Published on Thursday, January 18, 2007 by The Nation
An Impartial Interrogation of George W. Bush
by George McGovern
http://www.commondreams.org/views07/0118-26.htm
Senator George McGovern delivered these remarks at the National
Press Club January 12. They are published here as part of Moral
Compass, a series focusing on the spoken word.
I'm glad to be back at the National Press Club. Indeed, at the
age of eighty-four, I'm glad to be anywhere. In my younger years
when the subject of aging came up, trying to sound worldly wise,
I would say, "It doesn't matter so much the number of years you
have, but what you do with those years." I don't say that
anymore. I now want to reach a hundred. Why? Because I
thoroughly enjoy life and there are so many things I must still
do before entering the mystery beyond. The most urgent of these
is to get American soldiers out of the Iraqi hellhole
Bush-Cheney and their neoconservative theorists have created in
what was once called the cradle of civilization. It is believed
to be the location of the Garden of Eden. I mention the
neoconservative theorists to recall Walter Lippman's observance,
"There is nothing so dangerous as a belligerent professor."
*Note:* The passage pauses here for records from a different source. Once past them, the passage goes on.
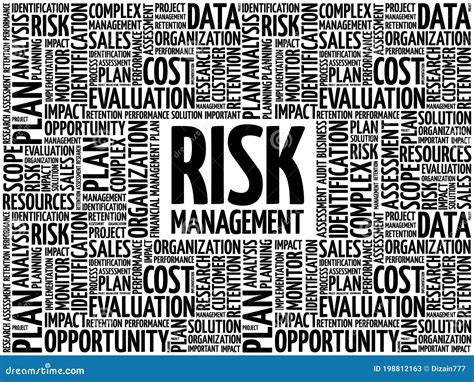 Risk Management Word Cloud Stock Illustration Illustration Of Finance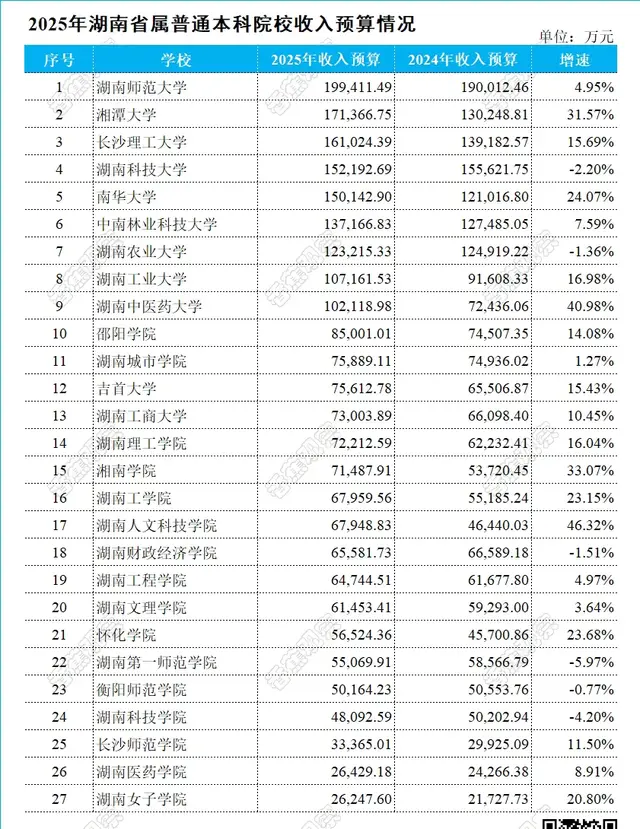 2025年湖南省属普通本科院校预算公布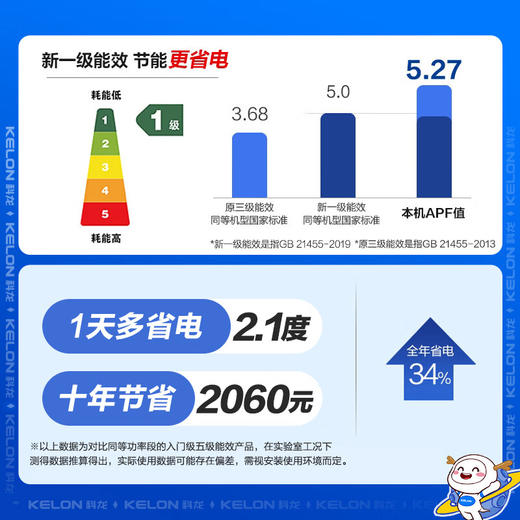 科龙空调_KFR-33GW/QJ1-X1【盈】 商品图1
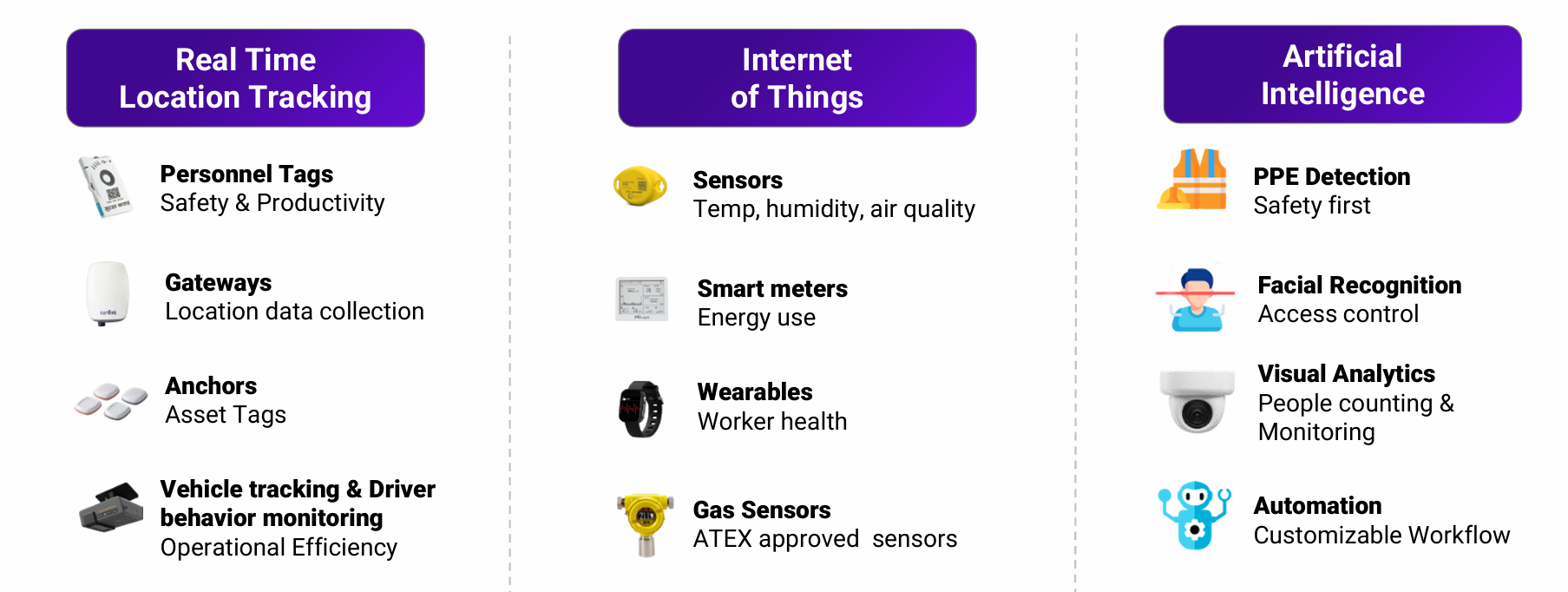 AI Enable IOT Solutions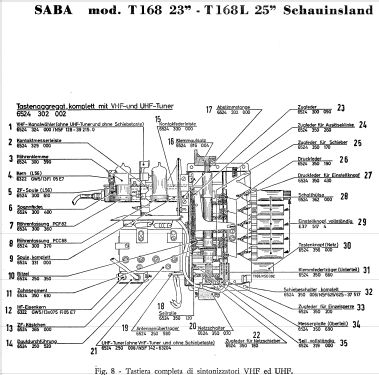 Schauinsland T168 Automatic; SABA; Villingen (ID = 726884) Television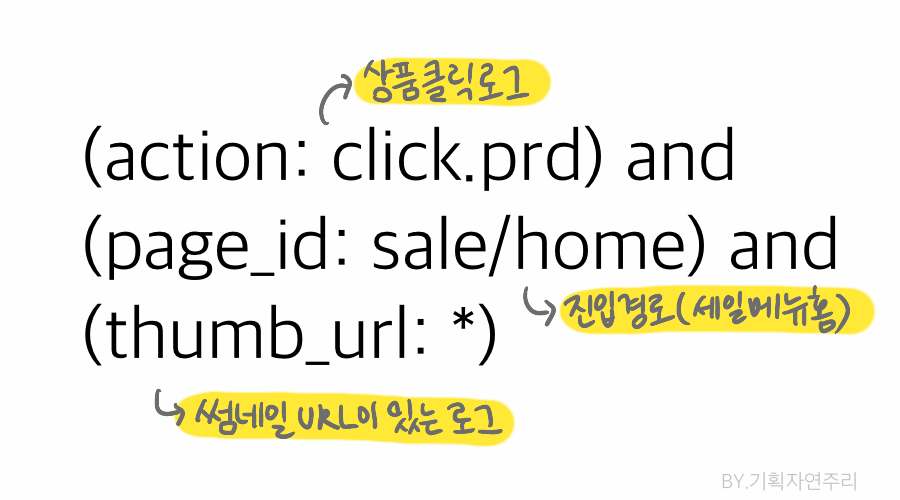 문과 출신 기획자의 데이터 분석 꿀팁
One of the things I miss about my eighteen years in the US
Senate are the stories of the old Southern Democrats. I didn't
always vote with them, but I loved their technique of responding
to an opponent's questions with a humorous story. Once when
Senator Sam Ervin of North Carolina had to handle a tough
question from Mike Mansfield, he said, "You know, Mr. Leader,
that question reminds me of the old Baptist preacher who was
telling a class of Sunday school boys the creation story. 'God
created Adam and Eve and from this union came two sons, Cain and
Abel and thus the human race developed.' A boy in the class then
asked, 'Reverend, where did Cain and Abel get their wives?'
After frowning for a moment, the preacher replied, 'Young
man--it's impertinent questions like that that's hurtin'
religion.'"
Well, Mr. Bush, Jr. I have some impertinent questions for you.
Mr. President, Sir, when reporter Bob Woodward asked you if you
had consulted with your father before ordering our army into
Iraq you said, "No, he's not the father you call on a decision
like this. I talked to my heavenly Father above." My question,
Mr. President: If God asked you to bombard, invade and occupy
Iraq for four years, why did he send an opposite message to the
Pope? Did you not know that your father, George Bush, Sr., his
Secretary of State James Baker and his National Security Advisor
General Scowcroft were all opposed to your invasion? Wouldn't
you, our troops, the American people and the Iraqis all be much
better off if you had listened to your more experienced elders
including your earthly father? Instead of blaming God for the
awful catastrophe you have unleashed in Iraq, wouldn't it have
been less self-righteous if you had fallen back on the
oft-quoted explanation of wrongdoing, "The devil made me do it?"
And Mr. President, after the 9/11 hit against the Twin Towers in
New York, which gained us the sympathy and support of the entire
world, why did you then order the invasion of Iraq, which had
nothing to do with 9/11? Are you aware that your actions
destroyed the international reservoir of good will towards the
United States? What is the cost to America of shattering the
standing and influence of our country in the eyes of the world?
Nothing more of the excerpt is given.